The Sunday Telegraph

Trump pins hopes on Nixon’s ‘silent majority’ in call to the suburbs

- By Nick Allen in Prince William County, Virginia

Half a century ago, Richard Nixon appealed to the “great silent majority” who were sick of riots and chaos, and wanted order and normality restored.

In the wake of George Floyd’s death and widespread, sometimes violent, protests, Donald Trump has issued the same clarion call to the suburbs.

The president is trailing Democratic candidate Joe Biden by 10 points in an average of recent polls – double the gap of April – and Mr Trump’s approval rating has plunged six points, to 43 per cent, since last month.

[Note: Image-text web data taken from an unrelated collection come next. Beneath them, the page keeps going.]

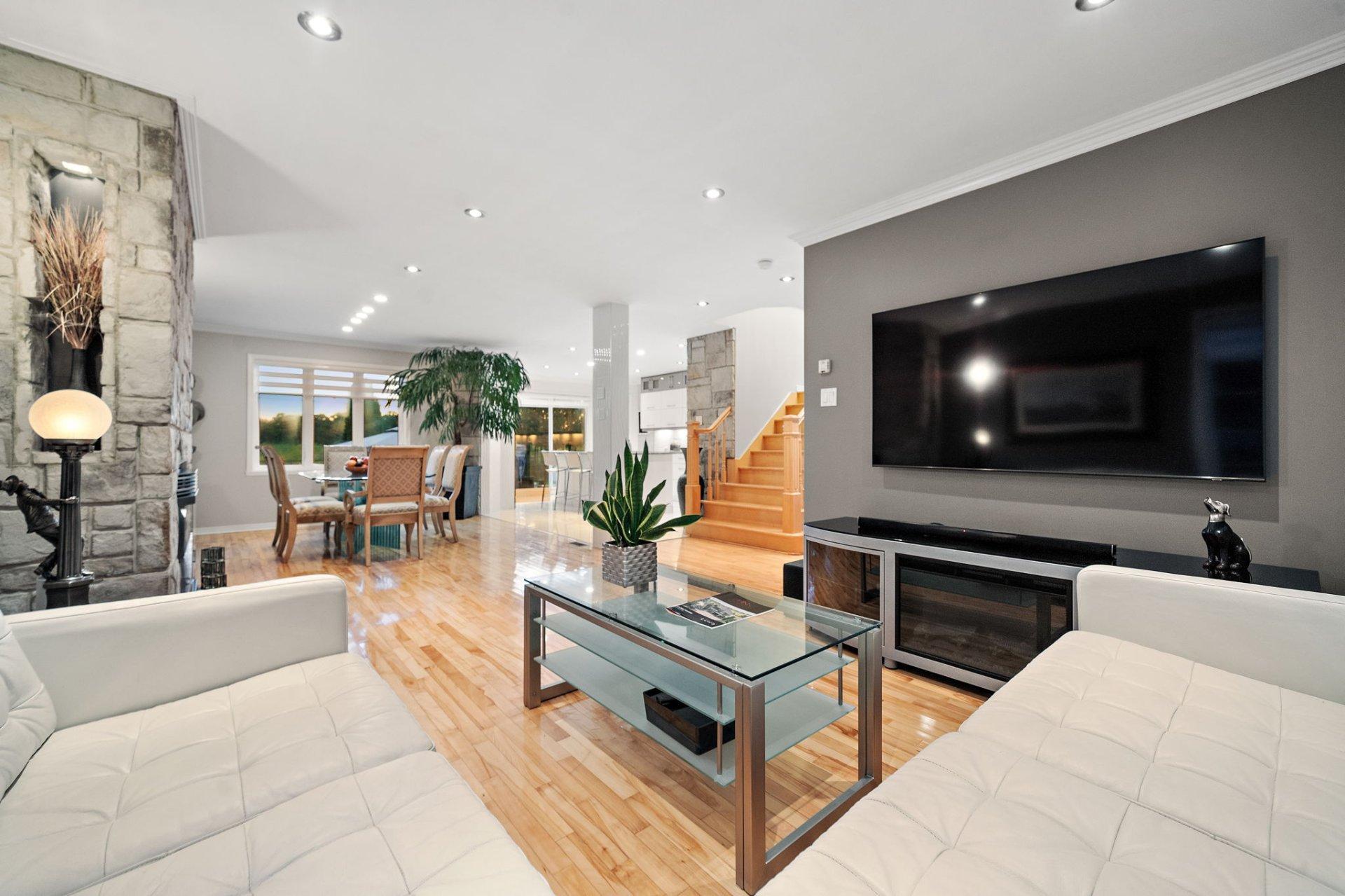 









126


Rue Tougas

,
Saint-Constant,




QC
J5A2R8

The question now is, do the Nixonian hordes of quiet Americans still exist, and will they roar again for Mr Trump in 2020?

If they do, then there is no more likely place to find them than Manassas, the sleepy county seat of Prince William County in Virginia.

Here, people are not venting on Twitter, nor marching in the streets. Instead, they would just prefer things to be as they have always been.

“Yes,” said Scott Schiflett, 49, when asked if he belonged to the “silent majority”.

“I’d say most of us are hard-working people. We want work, and we don’t want violence. I understand everyone being upset [about Mr Floyd]. I’m upset about it, too. But I don’t believe it’s a reason to tear down your own city,” he said.

“America’s all about the First Amendment, and protests, but I hate seeing the looting.”

Mr Schiflett, a machinist, claimed he had previously voted for Barack Obama, but felt let down, and would support Mr Trump in November.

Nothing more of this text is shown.